Please refer to ExecutorType in the codebase for other executor types.

Important notes

  • Be mindful of the concurrency setting for celery (using -c 4). Selenium/webdriver instances can consume a lot of CPU / memory on your servers.
  • In some cases, if you notice a lot of leaked geckodriver processes, try running your celery processes with celery worker --pool=prefork --max-tasks-per-child=128 ...
  • It is recommended to run separate workers for the sql_lab and email_reports tasks. This can be done using the queue field in task_annotations.
  • Adjust WEBDRIVER_BASEURL in your configuration file if celery workers can’t access Superset via its default value of http://0.0.0.0:8080/.

Custom Dockerfile

If you’re running the dev version of a released Superset image, like apache/superset:2.0.1-dev, you should be set with the above.

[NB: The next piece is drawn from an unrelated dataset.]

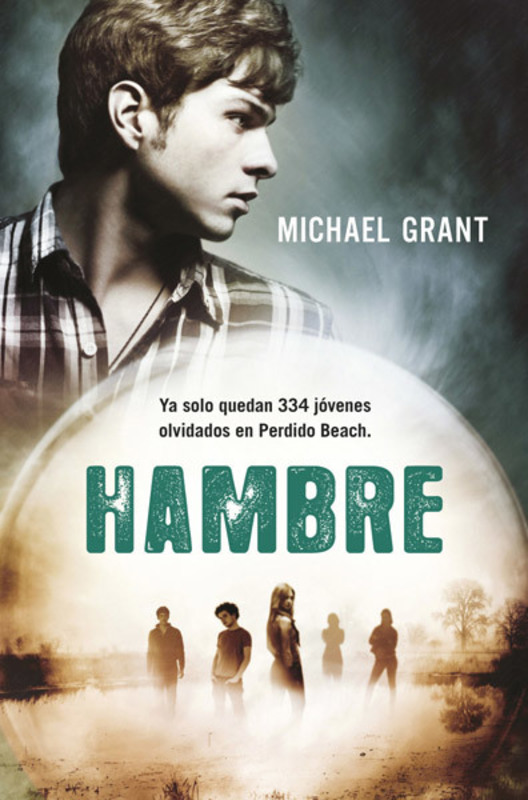HAMBRE (OLVIDADOS 2)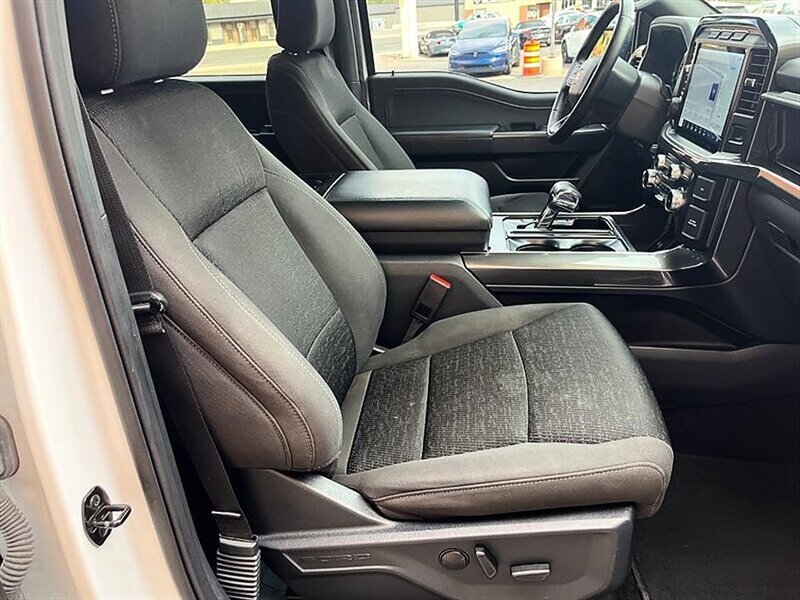 2023 Ford F-150 XL - Photo 13 - Bountiful, UT 84010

But if you’re building your own image, or starting with a non-dev version, a webdriver (and headless browser) is needed to capture screenshots of the charts and dashboards which are then sent to the recipient. Here’s how you can modify your Dockerfile to take the screenshots either with Firefox or Chrome.

Using Firefox

  1. FROM apache/superset:2.0.1
  2. USER root
  3. RUN apt-get update && \
  4. apt-get install --no-install-recommends -y firefox-esr
  5. ENV GECKODRIVER_VERSION=0.29.0
  6. RUN wget -q https://github.com/mozilla/geckodriver/releases/download/v${GECKODRIVER_VERSION}/geckodriver-v${GECKODRIVER_VERSION}-linux64.tar.gz && \
  7. tar -x geckodriver -zf geckodriver-v${GECKODRIVER_VERSION}-linux64.tar.gz -O > /usr/bin/geckodriver && \
  8. chmod 755 /usr/bin/geckodriver && \
  9. rm geckodriver-v${GECKODRIVER_VERSION}-linux64.tar.gz
  10. RUN pip install --no-cache gevent psycopg2 redis
  11. USER superset

Using Chrome

  1. FROM apache/superset:2.0.1
  2. USER root
  3. RUN apt-get update && \
  4. wget -q https://dl.google.com/linux/direct/google-chrome-stable_current_amd64.deb && \
  5. apt-get install -y --no-install-recommends ./google-chrome-stable_current_amd64.deb && \
  6. rm -f google-chrome-stable_current_amd64.deb
  7. RUN export CHROMEDRIVER_VERSION=$(curl --silent https://chromedriver.storage.googleapis.com/LATEST_RELEASE_102) && \
  8. wget -q https://chromedriver.storage.googleapis.com/${CHROMEDRIVER_VERSION}/chromedriver_linux64.zip && \
  9. unzip chromedriver_linux64.zip -d /usr/bin && \
  10. chmod 755 /usr/bin/chromedriver && \
  11. rm -f chromedriver_linux64.zip
  12. RUN pip install --no-cache gevent psycopg2 redis
  13. USER superset

Don’t forget to set WEBDRIVER_TYPE and WEBDRIVER_OPTION_ARGS in your config if you use Chrome.

Troubleshooting

There are many reasons that reports might not be working. Try these steps to check for specific issues.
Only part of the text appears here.